Given information
● ● ●

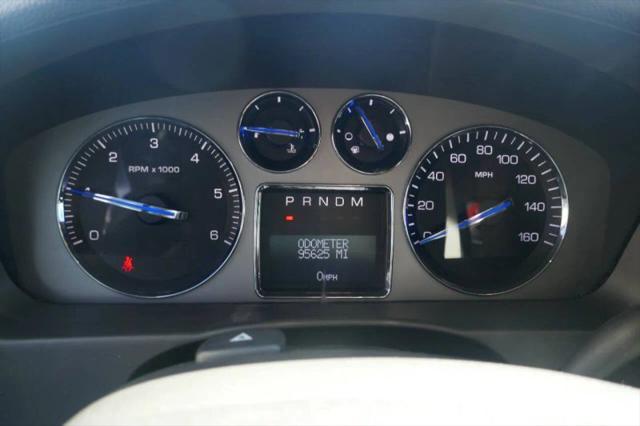 2008 Cadillac Escalade Standard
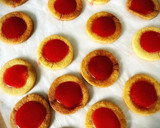 Foto del paso 3 de la receta: Galletitas de fresa y vainilla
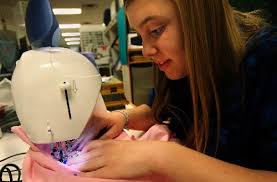 Reality show, economy spark interest in making clothes at home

● ● ●

Task requirements
From the first line to the last, copy the listing above exactly and leave out the images.

Solution to this problem
 2008 Cadillac Escalade Standard
 Foto del paso 3 de la receta: Galletitas de fresa y vainilla
 Reality show, economy spark interest in making clothes at home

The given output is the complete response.